┌────────
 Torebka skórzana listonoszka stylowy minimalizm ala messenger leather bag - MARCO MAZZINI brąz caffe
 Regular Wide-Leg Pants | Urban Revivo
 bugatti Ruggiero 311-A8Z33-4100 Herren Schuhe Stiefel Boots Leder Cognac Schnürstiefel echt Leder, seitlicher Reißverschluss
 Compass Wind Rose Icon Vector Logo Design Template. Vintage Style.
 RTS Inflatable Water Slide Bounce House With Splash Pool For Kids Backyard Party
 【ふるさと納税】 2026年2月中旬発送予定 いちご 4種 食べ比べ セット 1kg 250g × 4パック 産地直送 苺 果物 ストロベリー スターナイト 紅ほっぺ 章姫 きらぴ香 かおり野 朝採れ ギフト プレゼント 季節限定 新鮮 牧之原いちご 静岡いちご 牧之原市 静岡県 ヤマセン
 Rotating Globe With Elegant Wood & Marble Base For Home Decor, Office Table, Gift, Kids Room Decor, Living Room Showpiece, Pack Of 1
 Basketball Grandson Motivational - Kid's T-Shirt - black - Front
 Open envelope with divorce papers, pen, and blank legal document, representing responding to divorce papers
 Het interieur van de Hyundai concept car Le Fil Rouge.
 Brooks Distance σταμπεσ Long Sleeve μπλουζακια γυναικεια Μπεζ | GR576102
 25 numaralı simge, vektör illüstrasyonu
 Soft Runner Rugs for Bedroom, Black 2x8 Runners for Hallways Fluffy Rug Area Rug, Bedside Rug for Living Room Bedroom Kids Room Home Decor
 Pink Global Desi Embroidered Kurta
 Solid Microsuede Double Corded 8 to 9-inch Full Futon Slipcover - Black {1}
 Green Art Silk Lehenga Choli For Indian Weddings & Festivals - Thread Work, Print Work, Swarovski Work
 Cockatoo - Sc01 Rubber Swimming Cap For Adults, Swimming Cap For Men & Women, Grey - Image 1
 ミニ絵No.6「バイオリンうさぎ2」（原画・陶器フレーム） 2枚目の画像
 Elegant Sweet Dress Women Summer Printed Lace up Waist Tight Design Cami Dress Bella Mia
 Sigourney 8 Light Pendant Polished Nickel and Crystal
└────────
→ **Directions**:
Repeat the entries shown above, every one, word for word.

→ **Output**:
 Torebka skórzana listonoszka stylowy minimalizm ala messenger leather bag - MARCO MAZZINI brąz caffe
 Regular Wide-Leg Pants | Urban Revivo
 bugatti Ruggiero 311-A8Z33-4100 Herren Schuhe Stiefel Boots Leder Cognac Schnürstiefel echt Leder, seitlicher Reißverschluss
 Compass Wind Rose Icon Vector Logo Design Template. Vintage Style.
 RTS Inflatable Water Slide Bounce House With Splash Pool For Kids Backyard Party
 【ふるさと納税】 2026年2月中旬発送予定 いちご 4種 食べ比べ セット 1kg 250g × 4パック 産地直送 苺 果物 ストロベリー スターナイト 紅ほっぺ 章姫 きらぴ香 かおり野 朝採れ ギフト プレゼント 季節限定 新鮮 牧之原いちご 静岡いちご 牧之原市 静岡県 ヤマセン
 Rotating Globe With Elegant Wood & Marble Base For Home Decor, Office Table, Gift, Kids Room Decor, Living Room Showpiece, Pack Of 1
 Basketball Grandson Motivational - Kid's T-Shirt - black - Front
 Open envelope with divorce papers, pen, and blank legal document, representing responding to divorce papers
 Het interieur van de Hyundai concept car Le Fil Rouge.
 Brooks Distance σταμπεσ Long Sleeve μπλουζακια γυναικεια Μπεζ | GR576102
 25 numaralı simge, vektör illüstrasyonu
 Soft Runner Rugs for Bedroom, Black 2x8 Runners for Hallways Fluffy Rug Area Rug, Bedside Rug for Living Room Bedroom Kids Room Home Decor
 Pink Global Desi Embroidered Kurta
 Solid Microsuede Double Corded 8 to 9-inch Full Futon Slipcover - Black {1}
 Green Art Silk Lehenga Choli For Indian Weddings & Festivals - Thread Work, Print Work, Swarovski Work
 Cockatoo - Sc01 Rubber Swimming Cap For Adults, Swimming Cap For Men & Women, Grey - Image 1
 ミニ絵No.6「バイオリンうさぎ2」（原画・陶器フレーム） 2枚目の画像
 Elegant Sweet Dress Women Summer Printed Lace up Waist Tight Design Cami Dress Bella Mia
 Sigourney 8 Light Pendant Polished Nickel and Crystal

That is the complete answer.